Bourbon soaked pickles
• ½ of an English cucumber, sliced into rounds (about 1 cup)
• 1 large clove of garlic, minced
• ¼ cup of apple cider vinegar
• ¼ cup of Jeremiah Weed (or another sweetish bourbon liqueur)
• ¼ cup cold water
• 1 teaspoon salt
• ½ teaspoon ground black pepper
Bourbon Caramelized Onions
• 2 tablespoons butter
• 2 cups thinly sliced Vidalia onions
• ¼ cup Jeremiah Weed (or another sweetish bourbon liqueur)
• 1 teaspoon salt
• ¼ teaspoon ground black pepper
Crunchy Peanut Spicy Spread
• ¾ cup of mayonnaise
• 2/3 cup of roasted, salted peanuts, chopped
• 3 tablespoons whole grain mustard
• 1 ½ tablespoons Dijon mustard
• 1 tablespoon Tabasco sauce
• 1 teaspoon crushed red pepper
• ½ teaspoon salt
Patties
• 2 pounds ground chuck (20% fat)
• 2/3 cup Xingu black lager (or another high quality black lager)
• 2 cloves garlic, minced
• ½ teaspoon ground black pepper
• 1 tablespoon Worcestershire sauce
• 1 teaspoon salt
Ketchup with a Kick
• ½ cup ketchup
• ¼ cup Xingu black lager (or another high quality black lager)

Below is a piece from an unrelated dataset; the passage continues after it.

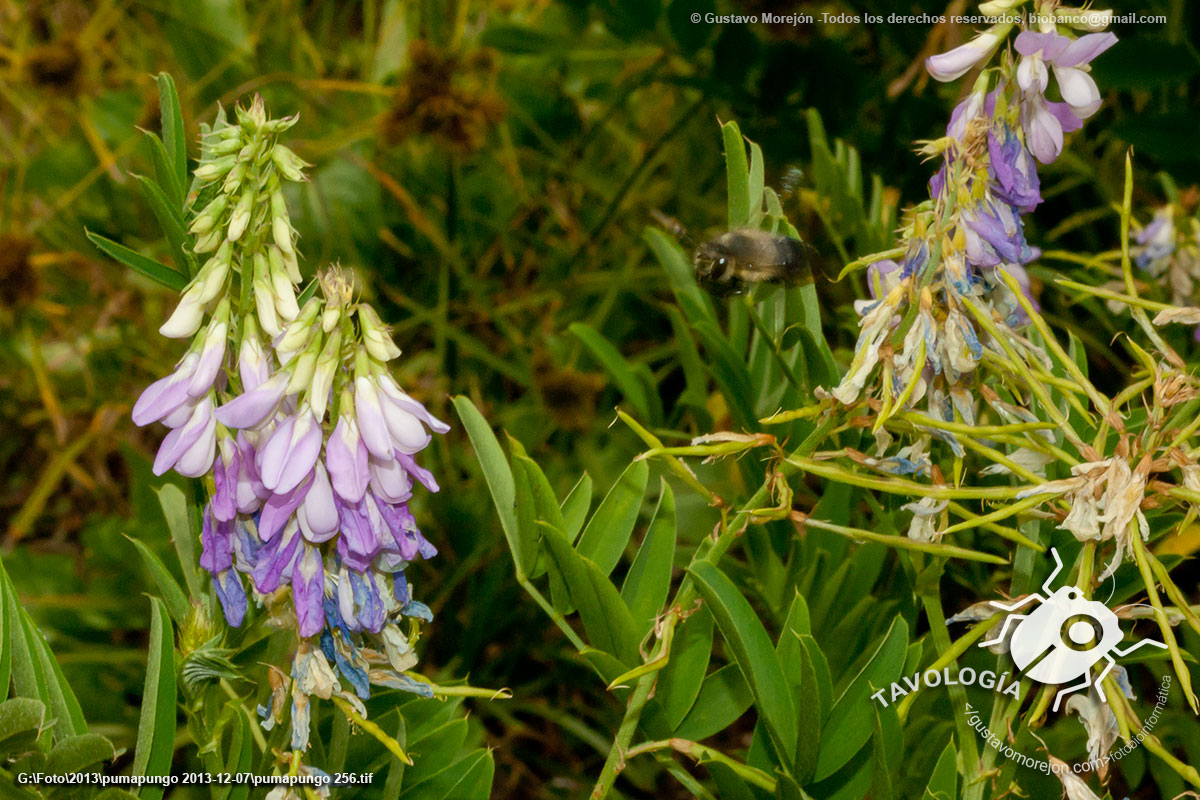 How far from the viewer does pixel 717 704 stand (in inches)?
36.9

• Vegetable oil, for rubbing on the grill rack
• 6 thick slices American cheese
• 1 cup pretzel sticks
• 6 brioche hamburger buns, split

Instructions:

To make the pickles, combine the cucumbers, garlic, bourbon, vinegar, water, salt, and pepper in a bowl and set aside at room temperature to quick-pickle the cucumbers.

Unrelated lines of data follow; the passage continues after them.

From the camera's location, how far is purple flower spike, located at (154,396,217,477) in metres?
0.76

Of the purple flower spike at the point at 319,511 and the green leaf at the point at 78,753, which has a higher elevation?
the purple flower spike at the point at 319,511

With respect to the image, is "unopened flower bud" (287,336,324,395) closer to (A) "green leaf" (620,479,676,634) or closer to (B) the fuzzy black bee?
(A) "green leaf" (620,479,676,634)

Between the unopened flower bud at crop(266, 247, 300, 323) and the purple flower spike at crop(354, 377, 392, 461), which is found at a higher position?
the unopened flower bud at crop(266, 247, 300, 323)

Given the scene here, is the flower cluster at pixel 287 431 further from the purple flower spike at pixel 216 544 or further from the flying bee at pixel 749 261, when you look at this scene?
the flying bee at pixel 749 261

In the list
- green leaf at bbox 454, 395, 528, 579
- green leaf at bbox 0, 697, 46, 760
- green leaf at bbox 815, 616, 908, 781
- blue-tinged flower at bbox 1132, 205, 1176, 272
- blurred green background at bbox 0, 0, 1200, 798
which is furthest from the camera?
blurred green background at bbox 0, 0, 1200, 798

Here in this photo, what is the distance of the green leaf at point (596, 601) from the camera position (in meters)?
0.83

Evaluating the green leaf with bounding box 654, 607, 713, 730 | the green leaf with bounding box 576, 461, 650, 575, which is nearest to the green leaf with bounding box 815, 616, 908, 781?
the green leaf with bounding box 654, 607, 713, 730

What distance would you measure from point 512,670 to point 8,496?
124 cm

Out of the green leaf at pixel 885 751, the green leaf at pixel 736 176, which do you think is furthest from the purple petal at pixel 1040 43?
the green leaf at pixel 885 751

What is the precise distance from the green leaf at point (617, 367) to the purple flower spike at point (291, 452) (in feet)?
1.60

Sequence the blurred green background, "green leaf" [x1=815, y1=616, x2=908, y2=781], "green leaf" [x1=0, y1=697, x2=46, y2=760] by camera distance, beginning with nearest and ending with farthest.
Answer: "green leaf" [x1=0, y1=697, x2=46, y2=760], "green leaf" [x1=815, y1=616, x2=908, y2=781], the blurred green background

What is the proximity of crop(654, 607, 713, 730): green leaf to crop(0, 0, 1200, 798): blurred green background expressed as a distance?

To start preparing the onions, melt butter in a fire-proof skillet over medium-low heat on a gas grill. When melted, add the onions, bourbon, salt, and pepper. Cook for about 20 minutes or until golden brown, stirring occasionally. Set aside and cover with foil to keep warm.

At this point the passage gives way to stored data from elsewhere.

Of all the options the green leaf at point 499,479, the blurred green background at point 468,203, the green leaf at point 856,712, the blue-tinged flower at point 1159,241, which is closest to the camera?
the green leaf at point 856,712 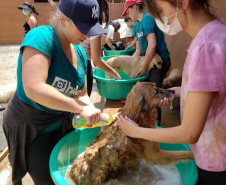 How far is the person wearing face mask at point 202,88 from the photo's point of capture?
1.29 m

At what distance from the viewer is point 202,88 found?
129 centimetres

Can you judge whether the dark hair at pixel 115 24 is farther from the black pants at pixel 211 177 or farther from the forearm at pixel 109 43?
the black pants at pixel 211 177

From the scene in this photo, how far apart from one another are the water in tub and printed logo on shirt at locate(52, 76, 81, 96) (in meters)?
1.05

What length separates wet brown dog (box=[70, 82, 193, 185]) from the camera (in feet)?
7.82

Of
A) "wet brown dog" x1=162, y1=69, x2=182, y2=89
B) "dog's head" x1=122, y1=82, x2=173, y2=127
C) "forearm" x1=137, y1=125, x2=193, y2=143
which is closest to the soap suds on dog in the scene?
"dog's head" x1=122, y1=82, x2=173, y2=127

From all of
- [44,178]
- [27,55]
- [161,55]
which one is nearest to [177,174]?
[44,178]

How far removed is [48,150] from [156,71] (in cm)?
279

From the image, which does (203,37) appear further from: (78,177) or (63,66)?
(78,177)

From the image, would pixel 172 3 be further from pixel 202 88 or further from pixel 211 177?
pixel 211 177

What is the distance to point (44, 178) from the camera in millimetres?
2387

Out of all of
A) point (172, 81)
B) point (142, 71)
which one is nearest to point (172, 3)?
point (142, 71)

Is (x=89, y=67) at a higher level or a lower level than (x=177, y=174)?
Result: higher

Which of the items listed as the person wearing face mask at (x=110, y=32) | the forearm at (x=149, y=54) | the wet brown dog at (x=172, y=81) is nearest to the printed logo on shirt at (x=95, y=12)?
the forearm at (x=149, y=54)

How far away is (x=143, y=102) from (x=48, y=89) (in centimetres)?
125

To make the spicy spread, combine all ingredients in bowl and mix together. Set aside.
To make the patties, combine all of the ingredients in a large bowl and mix together well; take care to minimally handle the meat as to avoid toughness. Divide the mixture into 6 equal portions and form into patties making a slight indention in the center of patties to ensure evenness once cooked. Set aside until grilling.
For ketchup with a kick, combine ketchup and beer. Mix well and set aside.
Heat the grill to medium-high. When the grill is ready, with a paper or cloth towel, rub the grill rack with vegetable oil to prevent sticking. Place the patties on the rack and grill until cooked to liking, 3 to 5 minutes. Flip once and cook another 3 to 5 minutes. Top each patty with a dollop (2 teaspoons or so) of the ketchup then a slice of the American cheese, cover the grill, and cook for 1 minute longer. Remove the patties from the grill and place the buns, cut side down, on the outer edges of the rack to toast lightly.
To assemble the burgers, spread each bun bottom with the spicy spread and top with a single layer of pretzel sticks. Top with a patty. Drain the bourbon pickles and top patty with 3-4 rounds, depending on size. Spread the caramelized onions onto the toasted sides of the bun tops and place on top of the pickles.